13. A word needs to be spoken here by us on the subject of appointing candidates in excess of the vacancies notified. Where the process of selection envisages a screening test followed by a final test, all Service Rules provide that the final selection would be from amongst five times the number of vacancies to be filled up. For example, if 5 vacancies are filled up the short listing has to be of 25 candidates. These 25 candidates who take the final exam would then be evaluated and merit position settled as per marks obtained. The one who gets the highest marks would be at serial No.1 and the one next would be at serial No.2 and so on. If finally appointment is given to 8 candidates, this would violate the Service Rule which would require shortlisted candidates to be 40 in number (8 x 5 = 40) who would be eligible to take the final exam. Who knows, whether or not the next 15 candidates who found themselves at Sl.No.26 to Sl.No.40 of the shortlist may have got marks more than the candidates who were at merit position 6 to 8 as per the merit list prepared by subjecting only 25 shortlisted candidates to the final examination. This is the reason why it is impermissible to fill up posts in excess of the number notified. It is also the reason for the law declared by the Supreme Court in para 12 of its decision in Rakhi Ray‟s case where following was observed:-

"12. In view of above, the law can be summarized to the effect that any appointment made beyond the number of vacancies advertised is without jurisdiction, being violative of Articles 14 and 16(1) of the Constitution of India, thus, a nullity, inexecutable and unenforceable in law.
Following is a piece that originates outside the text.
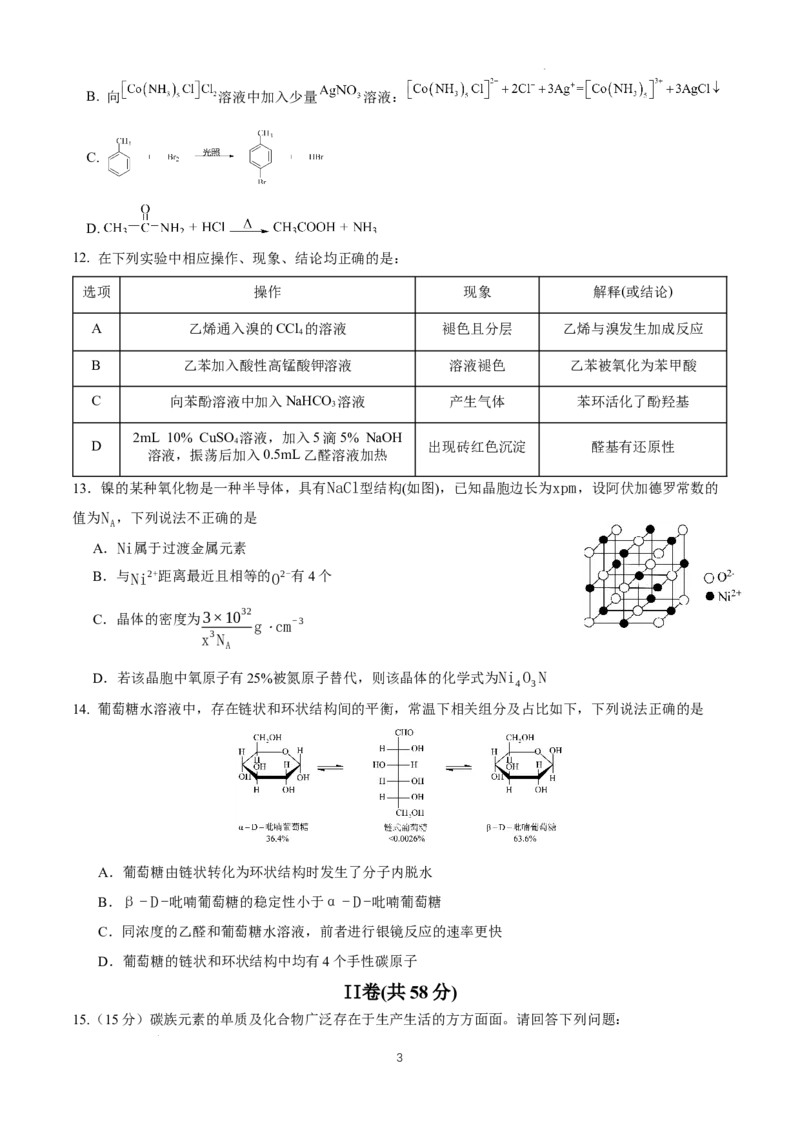 零诊模拟化学试卷_A1502026各地模拟卷（超值！）_6月_2406272025届四川省成都市石室中学高三零诊模拟_化学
In case the vacancies notified stand filled up, the process of selection comes to an end. Waiting list etc., cannot be used as a reservoir, to fill up the vacancy which comes into

existence after the issuance of notification/advertisement. The unexhausted select list/waiting list becomes meaningless and cannot be pressed in service anymore."

14. Before noting the legal arguments advanced at the hearing before us, we note that in the decision reported as 1991 (3) SCC 47 Shankarsan Dash Vs. UOI, in para 7 the Supreme Court held as under:-

"7. It is not correct to say that if a number of vacancies are notified for appointment and adequate number of candidates are found fit, the successful candidates acquire an indefeasible right to be appointed which cannot be legitimately denied. Ordinarily the notification merely amounts to an invitation to qualified candidates to apply for recruitment and on their selection they do not acquire any right to the post. Unless the relevant recruitment rules so indicate, the State is under no legal duty to fill up all or any of the vacancies. However, it does not mean that the State has the licence of acting in an arbitrary manner. The decision not to fill up the vacancies has to be taken bona fide for appropriate reasons. And if the vacancies or any of them are filled up, the State of bound to respect the comparative merit of the candidates, as reflected at the recruitment test, and no discrimination can be permitted."

15. The same view was reiterated in the decision reported as 1997 (5) SCC 170 K.Jayamohan Vs. State of Kerala & Anr.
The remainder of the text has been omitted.